Start of Recorded data
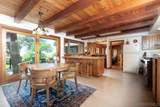 4597 Luneta Drive - Photo 5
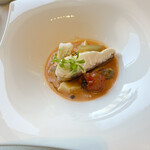 ラ ベデュータ - 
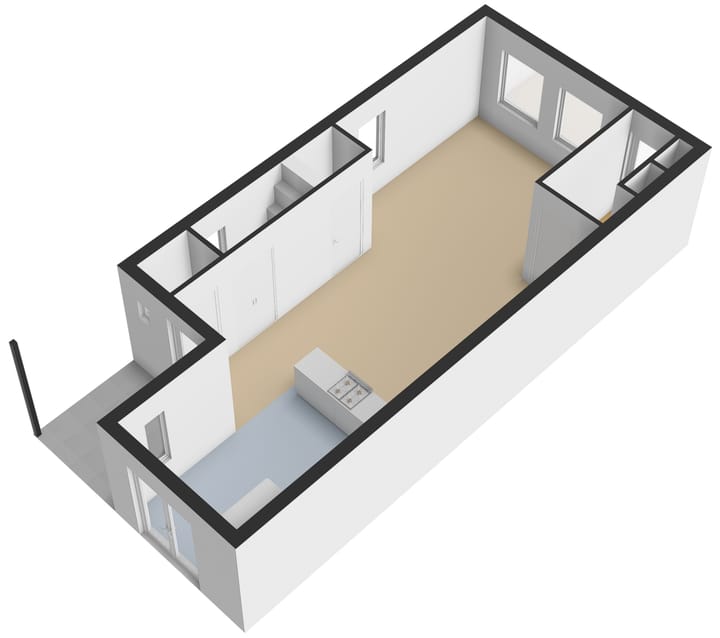 Foto 42 van Jan Stuversstraat 14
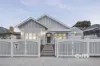 49 Sutherland Street, Hadfield, Vic 3046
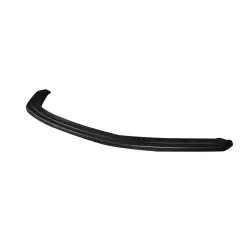 2000-2009 Honda S2000 Zapora Front Lip Spoiler Air Dam - 1 Piece image - 5
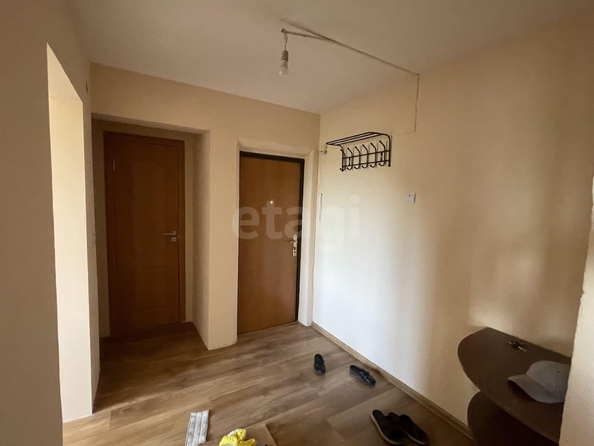 
  Продается 3-комн. квартира 56.4 м². Фото 9.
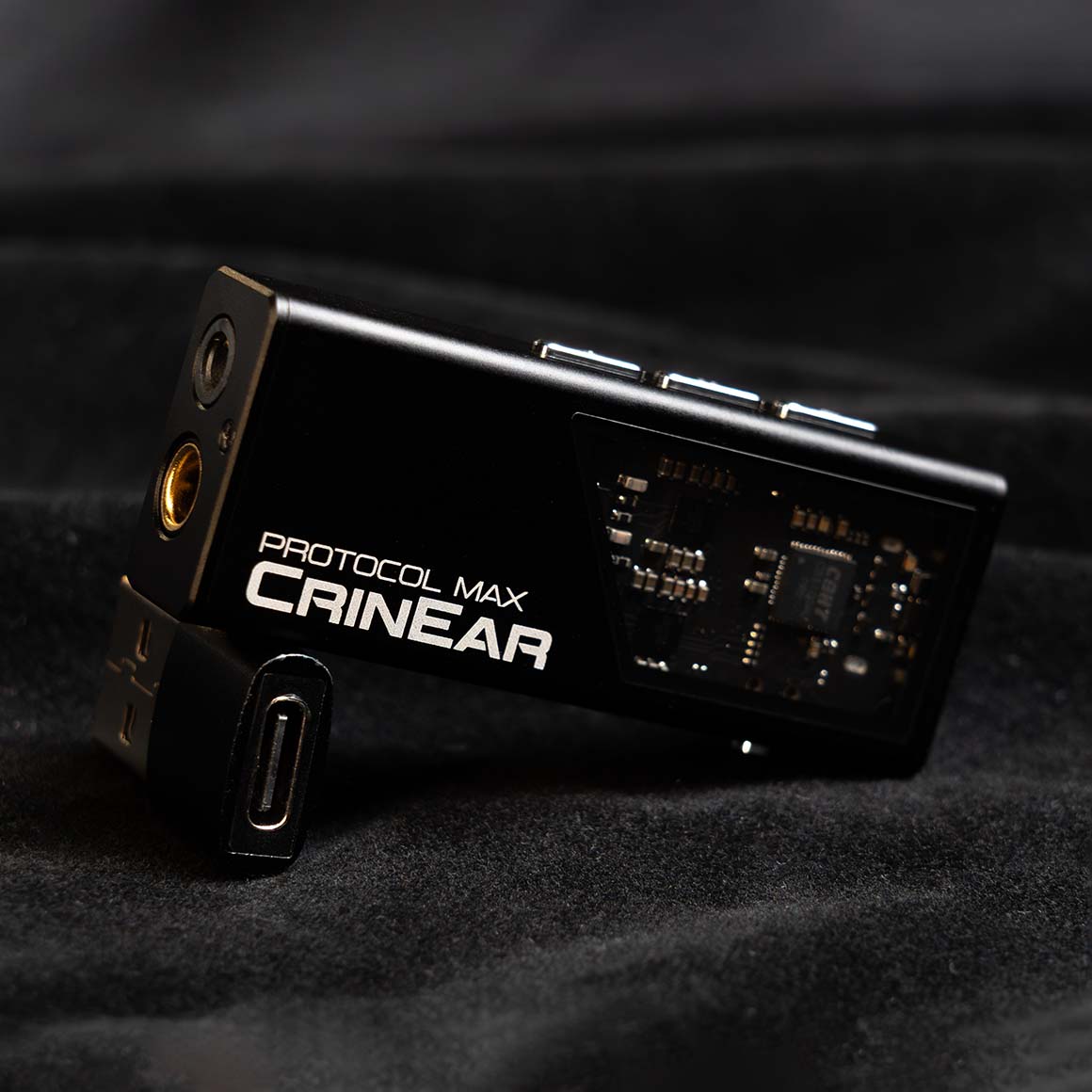 Headphone-Zone-CrinEar-Protocol-Max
End of Recorded data
» Task
Only the lines from the one containing "49 Sutherland Street, Hadfield, Vic 3046" through the final line of the material should appear in the answer, copied exactly and without any picture.

» Result below
 49 Sutherland Street, Hadfield, Vic 3046
 2000-2009 Honda S2000 Zapora Front Lip Spoiler Air Dam - 1 Piece image - 5
  Продается 3-комн. квартира 56.4 м². Фото 9.
 Headphone-Zone-CrinEar-Protocol-Max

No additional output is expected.